Ok. This thread has gone ridiculous now. Most of that didn't really make any sense to me but that $17k a year got my attention...that is below the damned poverty level. No, no I'm not working for people below the poverty level. My average client has an income of around $250k a year. Some more...much, much more. Like I posted somewhere else...in ten years as a member here this place has taught me at least one thing, that at least 75% of us are basically working for peanuts. A guy that I bought some stump grinder teeth from emailed me a photo about five years ago of some dude in New Jersey holding a sign at an intersection that read "will do tree work for food". Now, I wrote that off as a joke but the one that sent it to me swears it was 100% real. He claimed at the time the photo was a couple of years old but he knew the guy and the guy was actually a decent climber and wasn't known to be a bum. I still didn't believe him at the time...but now...now I actually do. After the sh!t I have read in this place the last five years I do. $17k a year for an average client's income is plenty pitiful but someone, I can't remember who it may have been ropensaddle but I'm not sure, said their average client's income was $15k a year.


----------



## treebilly (May 22, 2016)

Ok mckeetree, I should've been a little more clear. That's when I'm out to give the estimate. I always carry a felling saw with me. Basically for those flop and drops or small limb laying on the ground calls. You really can't justify charging mobilization or a crews wages for something that takes me 30 minutes. Last week I had a customer that walked down the street while I was working and asked if I would plant two potted shrubs. Took ten minutes while the other guy finished cleanup. Hundred bucks. He knows the minimum. Handed it to me while asking. I make a lot of money on that stupid stuff. Didn't mean to sound "unbelievable"


----------



## fordf150 (May 22, 2016)

mckeetree said:


> Ok. This thread has gone ridiculous now. Most of that didn't really make any sense to me but that $17k a year got my attention...that is below the damned poverty level. No, no I'm not working for people below the poverty level. My average client has an income of around $250k a year. Some more...much, much more. Like I posted somewhere else...in ten years as a member here this place has taught me at least one thing, that at least 75% of us are basically working for peanuts. A guy that I bought some stump grinder teeth from emailed me a photo about five years ago of some dude in New Jersey holding a sign at an intersection that read "will do tree work for food". Now, I wrote that off as a joke but the one that sent it to me swears it was 100% real. He claimed at the time the photo was a couple of years old but he knew the guy and the guy was actually a decent climber and wasn't known to be a bum. I still didn't believe him at the time...but now...now I actually do. After the sh!t I have read in this place the last five years I do. $17k a year for an average client's income is plenty pitiful but someone, I can't remember who it may have been ropensaddle but I'm not sure, said their average client's income was $15k a year.

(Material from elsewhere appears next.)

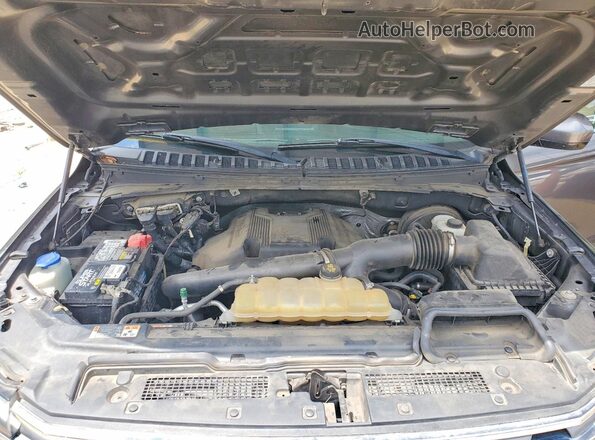 1FMJU1HT4KEA21156 2019 FORD EXPEDITION Gray Vista del compartimento del motor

I'm on the corner of 3 counties.... 7,8,9% unemployment. One of my regular customers (tree service/lawn care) contract climbs for $12 hr plus $50 per tree. One of these days I will go out on a job and take pictures of trees these guys do and what they charge.

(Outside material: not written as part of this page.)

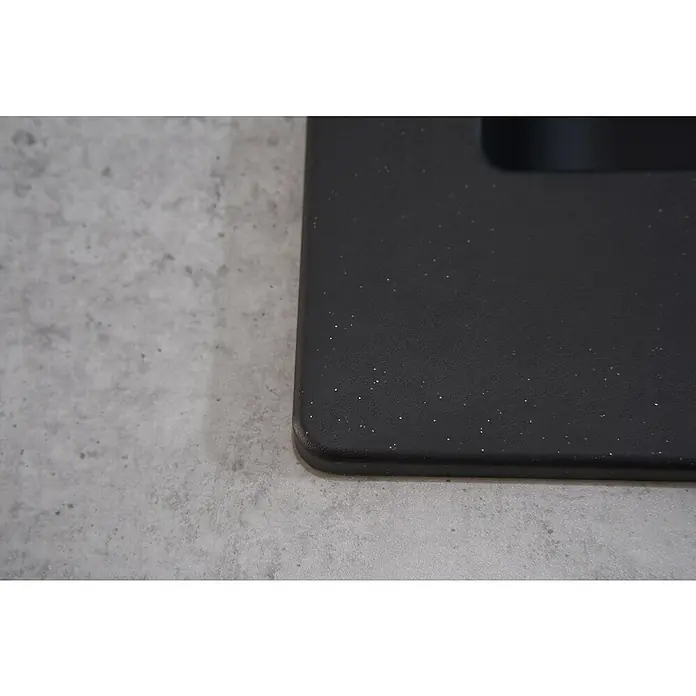 Respekta Einbauspüle Denver - 50 x 100 cm, Anzahl Becken: 1,5 Stk., Schwarz - Nahaufnahme einer schwarzen Küchenspüle mit subtilen Sprenkeln auf einer grauen Arbeitsplatte, die modernes Design und Funktionalität vereint.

One plus to living where I do, a 3 bedroom, 2 story house on a 1/4 acre lot can be bought for well under 50k and with patience you can find one for under 20k.


----------



## mckeetree (May 23, 2016)

fordf150 said:


> I'm on the corner of 3 counties.... 7,8,9% unemployment. One of my regular customers (tree service/lawn care) contract climbs for $12 hr plus $50 per tree. One of these days I will go out on a job and take pictures of trees these guys do and what they charge.
> 
> One plus to living where I do, a 3 bedroom, 2 story house on a 1/4 acre lot can be bought for well under 50k and with patience you can find one for under 20k.

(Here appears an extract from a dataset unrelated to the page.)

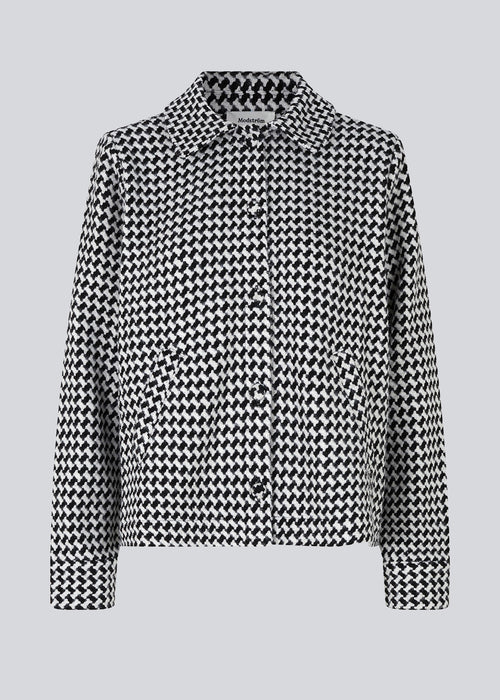 Langærmet jakke i strukturvævet kvalitet. BadiaMD jacket har en afslappet pasform med krave, knaplukning foran og skå paspolerede forlommer. Med for og del af sæt. Shop matchende nederdel her: BadiaMD skirt.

$20k here gets you a storage building.


----------



## no tree to big (May 23, 2016)

mckeetree said:


> $20k here gets you a storage building.


Does it come with land?

I just got done building a 10 by 30 shed for 10k not including concrete slab... 

Sent from my SM-G900T using Tapatalk


----------



## fordf150 (May 23, 2016)

http://www.realtor.com/realestateandhomes-detail/579-Chestnut-St_Newcomerstown_OH_43832_M34224-99190



http://www.realtor.com/realestateandhomes-search/Newcomerstown_OH/sby-1

8 places under 50k and one of them is in the country with 3 1/2 acres


----------



## no tree to big (May 23, 2016)

**** buy a house cash for 25k n you would barely have to work to pay your bills. I'm moving to Ohio do one removal a month by yourself and pay your bills then sit on the front porch the other 29 days. 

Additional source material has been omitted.